Le TVB saisit la justice suite à l'affaire des cris racistes contre Nathan Wounembaina

Le TVB saisit la justice suite à l'affaire des cris racistes contre Nathan Wounembaina - AFP

En décembre dernier, lors d’un match de Coupe d’Europe contre l’Olympiakos, le joueur du Tours Volley Ball Nathan Wounembaina avait été victime de cris racistes. Déterminé à obtenir réparation, le club de Tours a annoncé avoir porté l’affaire devant la justice française.
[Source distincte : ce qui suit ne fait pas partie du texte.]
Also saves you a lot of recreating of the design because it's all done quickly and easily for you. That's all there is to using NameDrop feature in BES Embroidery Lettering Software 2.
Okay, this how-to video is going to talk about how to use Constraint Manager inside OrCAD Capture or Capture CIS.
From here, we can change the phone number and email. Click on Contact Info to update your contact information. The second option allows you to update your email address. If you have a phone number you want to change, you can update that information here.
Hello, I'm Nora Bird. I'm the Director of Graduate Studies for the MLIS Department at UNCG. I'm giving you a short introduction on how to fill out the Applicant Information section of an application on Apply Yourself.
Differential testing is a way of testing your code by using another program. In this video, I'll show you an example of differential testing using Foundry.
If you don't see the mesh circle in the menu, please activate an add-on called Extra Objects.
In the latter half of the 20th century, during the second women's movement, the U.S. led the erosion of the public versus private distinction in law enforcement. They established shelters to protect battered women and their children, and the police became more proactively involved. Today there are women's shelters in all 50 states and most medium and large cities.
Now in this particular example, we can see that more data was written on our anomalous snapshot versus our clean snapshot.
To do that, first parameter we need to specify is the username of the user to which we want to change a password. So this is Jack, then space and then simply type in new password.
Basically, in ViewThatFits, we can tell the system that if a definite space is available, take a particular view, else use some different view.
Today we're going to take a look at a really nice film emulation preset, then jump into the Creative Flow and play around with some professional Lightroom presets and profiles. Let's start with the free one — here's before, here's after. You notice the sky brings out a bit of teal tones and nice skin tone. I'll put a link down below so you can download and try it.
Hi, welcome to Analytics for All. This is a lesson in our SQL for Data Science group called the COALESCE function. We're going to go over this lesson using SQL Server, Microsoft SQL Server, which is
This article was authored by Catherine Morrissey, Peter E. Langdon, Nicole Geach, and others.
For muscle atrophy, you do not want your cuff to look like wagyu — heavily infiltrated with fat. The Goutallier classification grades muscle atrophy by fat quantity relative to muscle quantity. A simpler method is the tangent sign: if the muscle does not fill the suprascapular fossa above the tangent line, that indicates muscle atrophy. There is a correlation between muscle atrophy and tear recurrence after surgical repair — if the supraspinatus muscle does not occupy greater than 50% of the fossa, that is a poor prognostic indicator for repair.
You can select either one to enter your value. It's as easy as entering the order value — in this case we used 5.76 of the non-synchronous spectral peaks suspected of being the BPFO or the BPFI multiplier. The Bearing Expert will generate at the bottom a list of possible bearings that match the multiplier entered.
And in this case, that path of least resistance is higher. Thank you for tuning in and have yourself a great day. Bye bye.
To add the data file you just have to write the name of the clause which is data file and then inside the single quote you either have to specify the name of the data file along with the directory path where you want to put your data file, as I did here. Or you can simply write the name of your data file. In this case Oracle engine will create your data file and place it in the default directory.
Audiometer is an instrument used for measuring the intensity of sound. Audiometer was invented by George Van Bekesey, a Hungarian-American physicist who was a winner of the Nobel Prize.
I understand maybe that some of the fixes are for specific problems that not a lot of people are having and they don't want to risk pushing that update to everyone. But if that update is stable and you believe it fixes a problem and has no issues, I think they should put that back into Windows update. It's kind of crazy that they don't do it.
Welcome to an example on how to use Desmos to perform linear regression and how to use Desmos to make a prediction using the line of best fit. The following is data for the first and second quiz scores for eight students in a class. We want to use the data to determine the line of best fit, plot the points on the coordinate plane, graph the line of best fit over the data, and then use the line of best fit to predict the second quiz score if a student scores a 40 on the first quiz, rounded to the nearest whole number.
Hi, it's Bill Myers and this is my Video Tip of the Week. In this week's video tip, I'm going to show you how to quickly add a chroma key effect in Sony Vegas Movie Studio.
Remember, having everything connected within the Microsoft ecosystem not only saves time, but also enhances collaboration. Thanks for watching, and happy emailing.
Il en avait quitté le terrain écœuré. Le 6 décembre dernier, lors d’un match de Coupe d’Europe au Pirée face à l’Olympiakos, Nathan Wounembaina avait été la cible de cris de singe, proférés par les supporters grecs à chaque fois qu’il touchait le ballon. L’attaquant-réceptionneur du Tours Volley-Ball (TVB) avait alors quitté l’aire de jeu, avant de se faire expulser par l’arbitre. Débouté par la Confédération européenne (CEV), puis par la Fédération internationale (FIVB) en appel pour sa plainte au sujet de ces discriminations racistes, le TVB a annoncé avoir porté l’affaire devant la justice française.

"Face à l’inertie et le déni dont la CEV s’est rendue coupable suite aux cris de singe et autres discriminations dont M. Nathan Wounembaina a été la cible lors d'un match de Coupe d'Europe au Pirée, le TVB a décidé de ne pas en rester là eu égard à la gravité des faits, ainsi qu’aux valeurs qu’il a toujours défendues", a annoncé le club de Tours par voie de communiqué, lundi 19 février.

Le club tourangeau explique donc avoir assigné la CEV, ainsi que le club grec d'Olympiakos, devant le tribunal de grande instance de Tours, "notamment pour faire acter leurs fautes et obtenir réparation du grave préjudice moral et économique subi dans le cadre de cette lamentable affaire".

Par ailleurs, le TVB déplore que Nathan Wounembaina n’ait jamais reçu "le moindre courrier officiel d’excuses tant de la part de la CEV que du club d’Olympiakos, démontrant là le mépris dans lequel ils tiennent le joueur", concluant que "ce silence assourdissant résonne comme un aveu et montre le peu de cas qu’ils font du respect de la dignité humaine et de la nécessaire lutte contre le racisme".